■ **What is needed**: Your answer should consist only of the lines below from the one with "محمدباقر قالیباف عضو" through the one with "media/Apr-20-2025-AHRMA (Sun) [[393a79c373]]/Race/Group", copied exactly.

■ **Given records**:
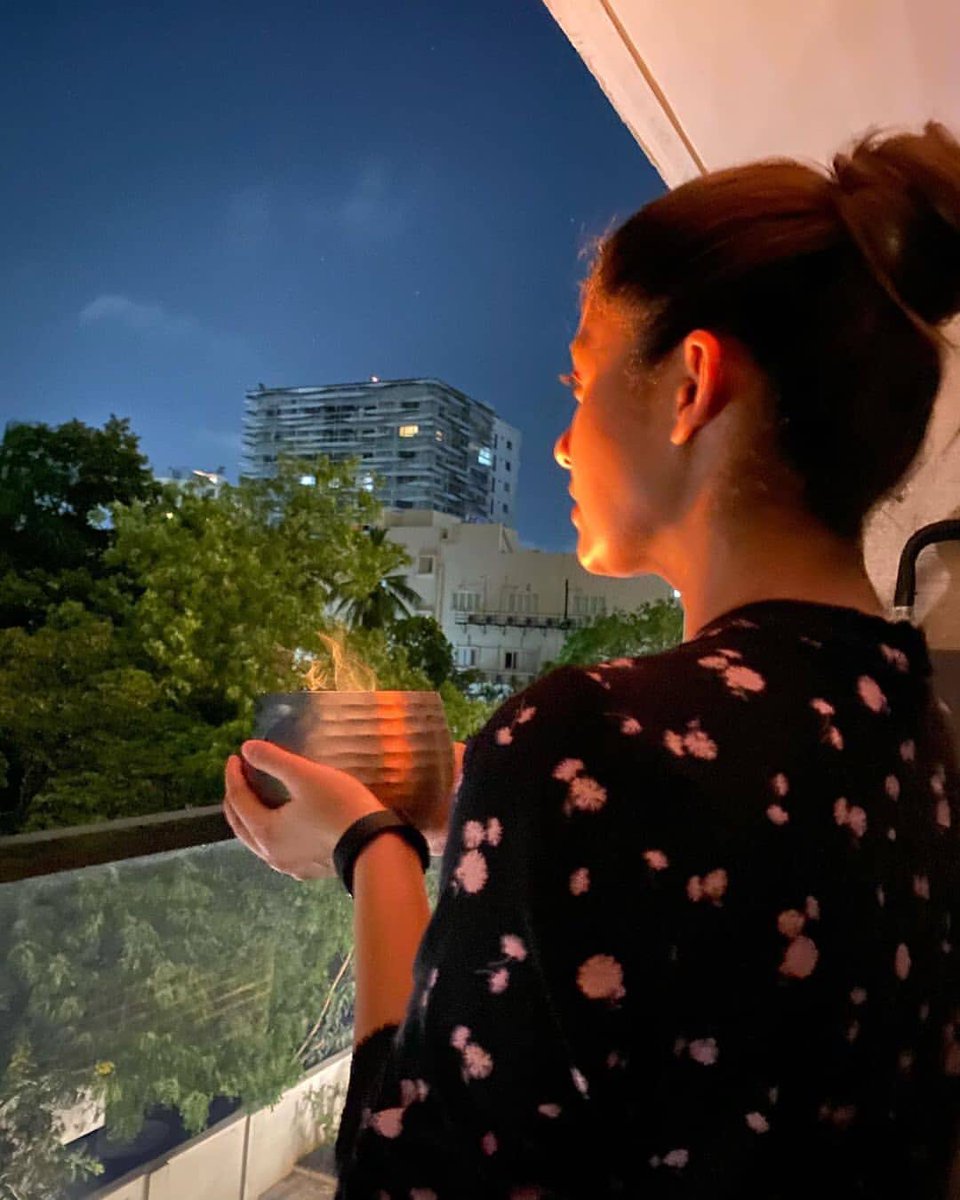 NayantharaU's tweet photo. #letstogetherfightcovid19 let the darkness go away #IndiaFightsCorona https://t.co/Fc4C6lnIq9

==

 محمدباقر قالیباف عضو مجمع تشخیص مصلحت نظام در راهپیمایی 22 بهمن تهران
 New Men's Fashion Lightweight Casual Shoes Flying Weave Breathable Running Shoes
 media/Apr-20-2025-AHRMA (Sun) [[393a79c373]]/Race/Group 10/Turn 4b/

■ **Your solution**:
 محمدباقر قالیباف عضو مجمع تشخیص مصلحت نظام در راهپیمایی 22 بهمن تهران
 New Men's Fashion Lightweight Casual Shoes Flying Weave Breathable Running Shoes
 media/Apr-20-2025-AHRMA (Sun) [[393a79c373]]/Race/Group 10/Turn 4b/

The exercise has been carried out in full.